5.2 KiB
Zero-shot Action Recognition with YOLOv8 (Inference on Video)
- Action recognition is a technique used to identify and classify actions performed by individuals in a video. This process enables more advanced analyses when multiple actions are considered. The actions can be detected and classified in real time.
- The system can be customized to recognize specific actions based on the user's preferences and requirements.
Table of Contents
- Step 1: Install the Required Libraries
- Step 2: Run the Action Recognition Using Ultralytics YOLOv8
- Usage Options
- FAQ
Step 1: Install the Required Libraries
Clone the repository, install dependencies and cd
to this local directory for commands in Step 2.
# Clone ultralytics repo
git clone https://github.com/ultralytics/ultralytics
# cd to local directory
cd examples/YOLOv8-Action-Recognition
# Install dependencies
pip install -U -r requirements.txt
Step 2: Run the Action Recognition Using Ultralytics YOLOv8
Here are the basic commands for running the inference:
Note
The action recognition model will automatically detect and track people in the video, and classify their actions based on the specified labels. The results will be displayed in real-time on the video output. You can customize the action labels by modifying the --labels
argument when running the script.
# Quick start
python action_recognition.py
# Basic usage
python action_recognition.py --source "https://www.youtube.com/watch?v=dQw4w9WgXcQ" --labels "dancing" "singing a song"
# Use local video file
python action_recognition.py --source path/to/video.mp4
# Better detector performance
python action_recognition.py --weights yolov8m.pt
# Run on CPU
python action_recognition.py --device cpu
# Use a different video classifier model
python action_recognition.py --video-classifier-model "s3d"
# Use FP16 for inference (only for HuggingFace models)
python action_recognition.py --fp16
# Export output as mp4
python action_recognition.py --output-path output.mp4
# Combine multiple options
python action_recognition.py --source "https://www.youtube.com/watch?v=dQw4w9WgXcQ" --device 0 --video-classifier-model "microsoft/xclip-base-patch32" --labels "dancing" "singing a song" --fp16
Usage Options
--weights
: Path to the YOLO model weights (default: "yolov8n.pt")--device
: Cuda device, i.e. 0 or 0,1,2,3 or cpu (default: auto-detect)--source
: Video file path or YouTube URL (default: "rickroll")--output-path
: Output video file path--crop-margin-percentage
: Percentage of margin to add around detected objects (default: 10)--num-video-sequence-samples
: Number of video frames to use for classification (default: 8)--skip-frame
: Number of frames to skip between detections (default: 1)--video-cls-overlap-ratio
: Overlap ratio between video sequences (default: 0.25)--fp16
: Use FP16 for inference (only for HuggingFace models)--video-classifier-model
: Video classifier model name or path (default: "microsoft/xclip-base-patch32")--labels
: Labels for zero-shot video classification (default: ["dancing" "singing a song"])
FAQ
1. What Does Action Recognition Involve?
Action recognition is a computational method used to identify and classify actions or activities performed by individuals in recorded video or real-time streams.
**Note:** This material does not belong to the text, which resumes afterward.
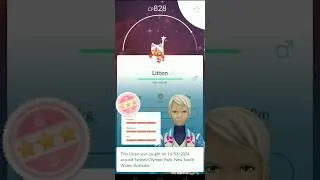 Oh My God ! SHUNDO LITTEN in LITTEN COMMUNITY DAY ✨✨ #communityday #litten #shundopokemon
This technique is widely used in video analysis, surveillance, and human-computer interaction, enabling the detection and understanding of human behaviors based on their motion patterns and context.
2. Is Custom Action Labels Supported by the Action Recognition?
Yes, custom action labels are supported by the action recognition system. The action_recognition.py
script allows users to specify their own custom labels for zero-shot video classification. This can be done using the --labels
argument when running the script. For example:
python action_recognition.py --source https://www.youtube.com/watch?v=dQw4w9WgXcQ --labels "dancing" "singing" "jumping"
You can adjust these labels to match the specific actions you want to recognize in your video. The system will then attempt to classify the detected actions based on these custom labels.
Additionally, you can choose between different video classification models:
-
For Hugging Face models, you can use any compatible video classification model. The default is set to:
- "microsoft/xclip-base-patch32"
-
For TorchVision models (no support for zero-shot labels), you can select from the following options:
- "s3d"
- "r3d_18"
- "swin3d_t"
- "swin3d_b"
- "mvit_v1_b"
- "mvit_v2_s"
3. Why Combine Action Recognition with YOLOv8?
YOLOv8 specializes in the detection and tracking of objects in video streams. Action recognition complements this by enabling the identification and classification of actions performed by individuals, making it a valuable application of YOLOv8.
4. Can I Employ Other YOLO Versions?
Certainly, you have the flexibility to specify different YOLO model weights using the --weights
option.